Description of the task
Only the lines from the one containing "Baby Hair Clipper" through the end of the entries should be returned, exactly as they are, with the pictures omitted.

Scraped caption text data
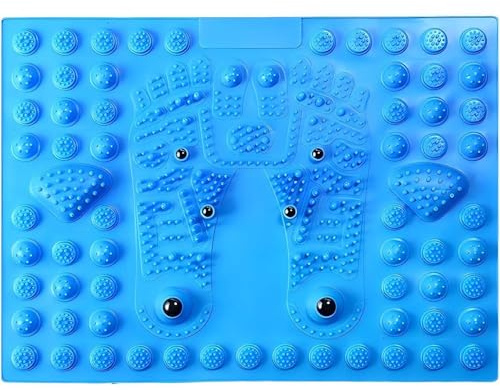 KINTEGOOD Tapis de massage des pieds d'acupression avec 6 perles magnétiques, coussin de soulagement de la pression de réflexologie, tapis de thérapie magnétique épais pour la maison et le bureau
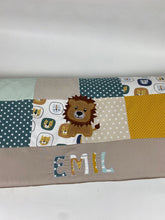 Laden Sie das Bild in den Galerie-Viewer, Babydecke/Krabbeldecke Löwe *Patchwork* KRD3023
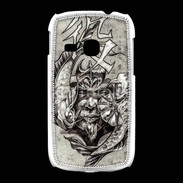 Coque Samsung Galaxy Young Visage de guerrier en dessin 50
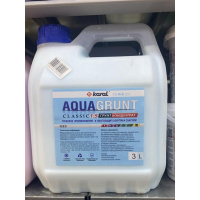 Фото товара - Грунт-концентрат 1:5 AQUA GRUNT De Colores 3л глубокого проник.влагозащ.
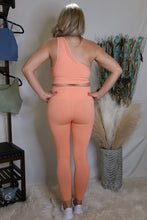 Load image into Gallery viewer, Peach Taking Long Walks High Waisted Leggings by luvLeigh Apparel
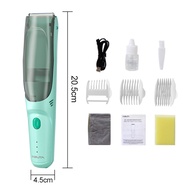 Baby Hair Clipper Electric Vacuum Automatic Kids Hair Trimmer Protable USB Rechargeable Mute Hair Cu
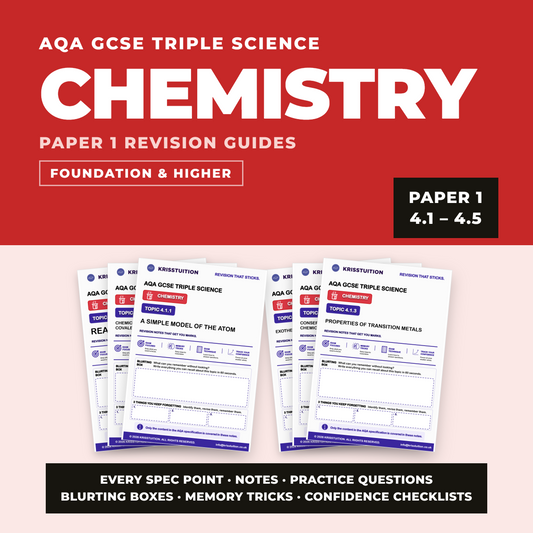 The Chemistry Revision System | Paper 1 | Foundation & Higher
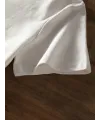 Baskılı Oversize Bisiklet Yaka T-shirt - Beyaz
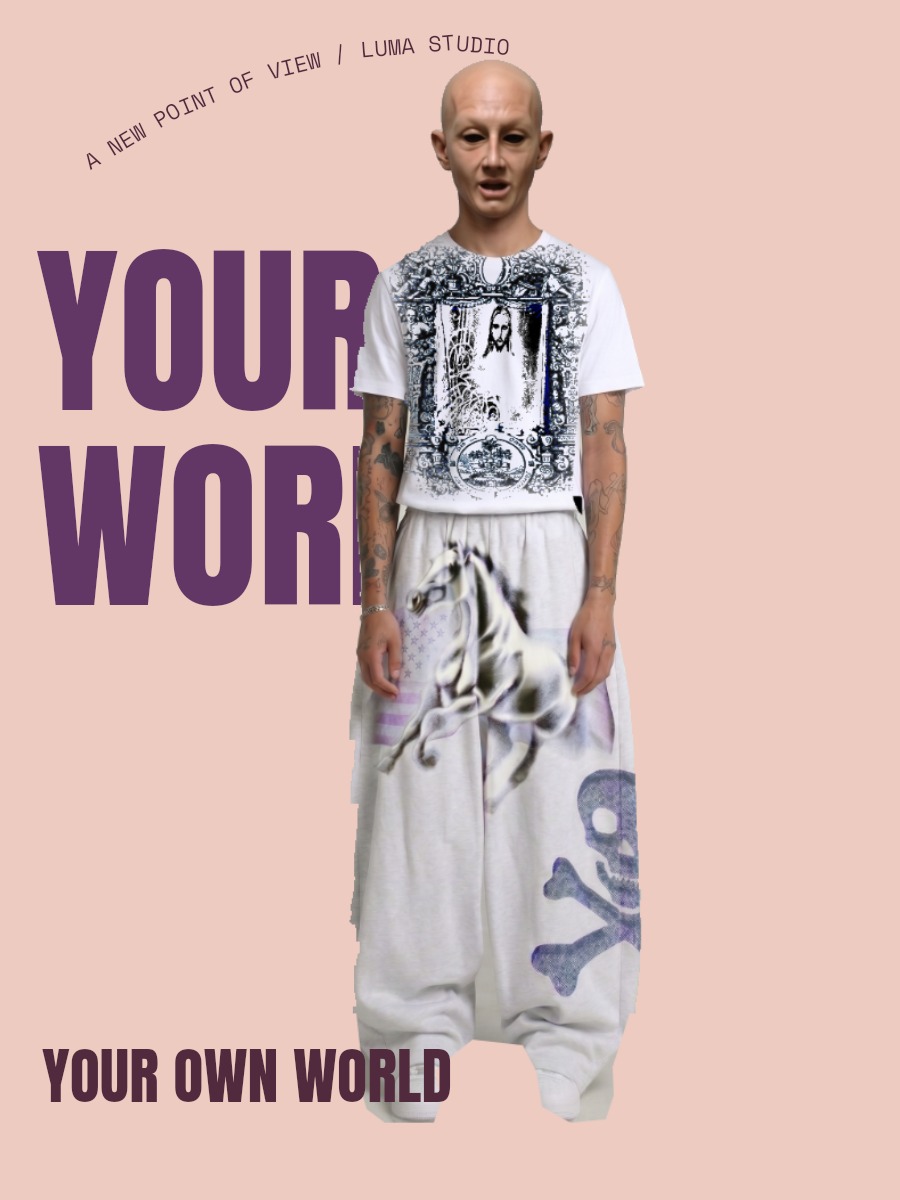 Real editor lesson Weave type through a photo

Exercise output
 Baby Hair Clipper Electric Vacuum Automatic Kids Hair Trimmer Protable USB Rechargeable Mute Hair Cu
 The Chemistry Revision System | Paper 1 | Foundation & Higher
 Baskılı Oversize Bisiklet Yaka T-shirt - Beyaz
 Real editor lesson Weave type through a photo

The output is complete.